DER AKTIONÄR: Die Black Pearl verfügt über einen Verlustvortrag. Ist dieser für net digital nutzbar?
Theodor Niehues: Bisher liegen uns keine Entscheidungen der Behörden vor – wir gehen aber davon aus.
DER AKTIONÄR: Für ein Unternehmen in der aktuellen Größenordnung ist ein Börsengang normalerweise nicht der nächste Weg – brauchen Sie frisches Kapital oder wozu das IPO durch die Hintertüre?

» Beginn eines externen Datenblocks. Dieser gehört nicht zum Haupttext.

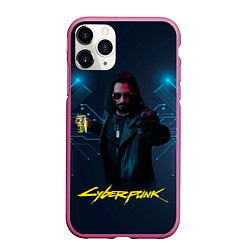 Чехол iPhone 11 Pro матовый Johnny Cyberpunk2077, цвет: 3D-малиновый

Theodor Niehues: Die net digital ist operativ positiv. Es gibt mehrere Gründe für einen IPO. Wir planen ein starkes Wachstum und daher ist es nicht ausgeschlossen, dass wir auch ggf. neues Kapital aufnehmen, um beispielsweise anorganisch zu wachsen. Ein weiterer Grund ist, dass es immer schwieriger wird, gute Mitarbeiter zu gewinnen. Da bietet eine Börsennotierung einen erheblichen Vorteil.
DER AKTIONÄR: Wie sieht es mit potenziellen Übernahmekandidaten aus, gibt es Kandidaten, wo Sie bereits genauer hinsehen?
Theodor Niehues: Wir schauen uns permanent um. Es gibt zwei Stoßrichtungen. Einerseits Unternehmen mit einem klaren technologischen USP oder Unternehmen, mit denen wir die Kundenbasis schnell ausbauen können. Diese Unternehmen können auch in angrenzenden Bereichen liegen.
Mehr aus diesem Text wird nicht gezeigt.